As we prepare to begin 2019, pessimists can take comfort in one thing: As bad as 2019 might be – or as bad as 2018 was – they pale in comparison to 536.
Yes.
Five-thirty-six. The worst year ever.
Think about your worst year: Maybe it was the year you lost a job or had your heart broken or had a major health issue. Maybe it was the year the Warriors lost Game 7 of the NBA Finals and someone you detest won the presidential election. Maybe it was the year assassins killed Bobby Kennedy and Martin Luther King Jr. and America's cities burned. Maybe it was the year you lost all of your computer data because of Y2k.
Michael McCormick says 536 was worse.
Because 536 was . . . wait . . .
What happened in 536?
Plenty, according to a report by McCormick that can help us gain perspective for 2019.
McCormick, a historian and archaeologist who is also chairman of the Harvard University Initiative for the Science of the Human Past, called 536 "the beginning of one of the worst periods to be alive." (Which is how I describe my feelings when I walk into a dentist's office.)

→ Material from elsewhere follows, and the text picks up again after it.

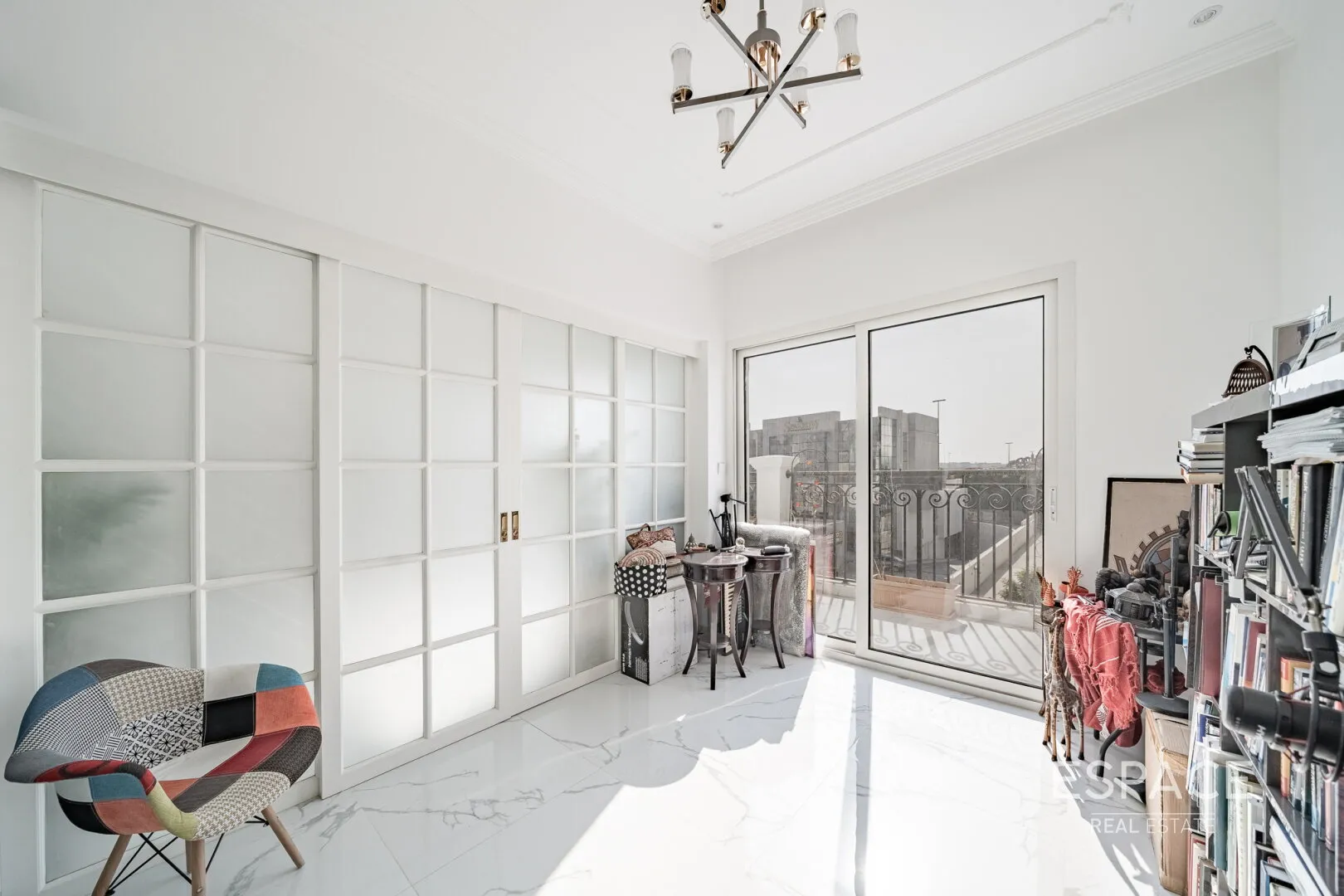 PropertiesGalleryCamera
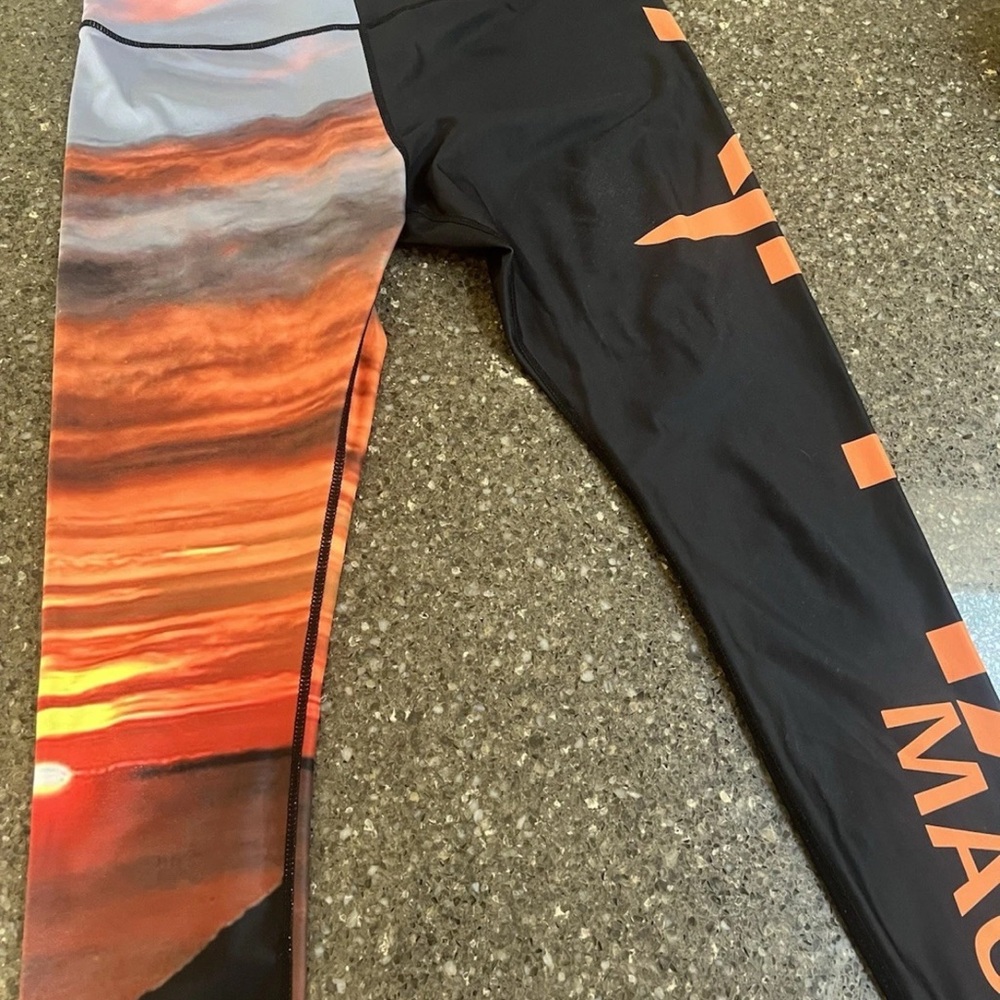 Alpha Maui Sunset Print Leggings Tropical Island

Consider this: In 536, a fog plunged most of the known world – Europe, the Middle East, much of Asia –into darkness. Around the clock. For 18 months. We now know it came when a volcanic eruption in Iceland caused ash to spread across the Northern Hemisphere's skies and block out the skies.
In 536, people just knew it was dark. Day after day.
That year began the coldest decade in the past 2,300 years. Snow fell in the summer. People starved because crops failed. People had to wear hoodies in August!
Five years later, as normalcy returned, the bubonic plague struck and wiped out half the population of the eastern Roman Empire.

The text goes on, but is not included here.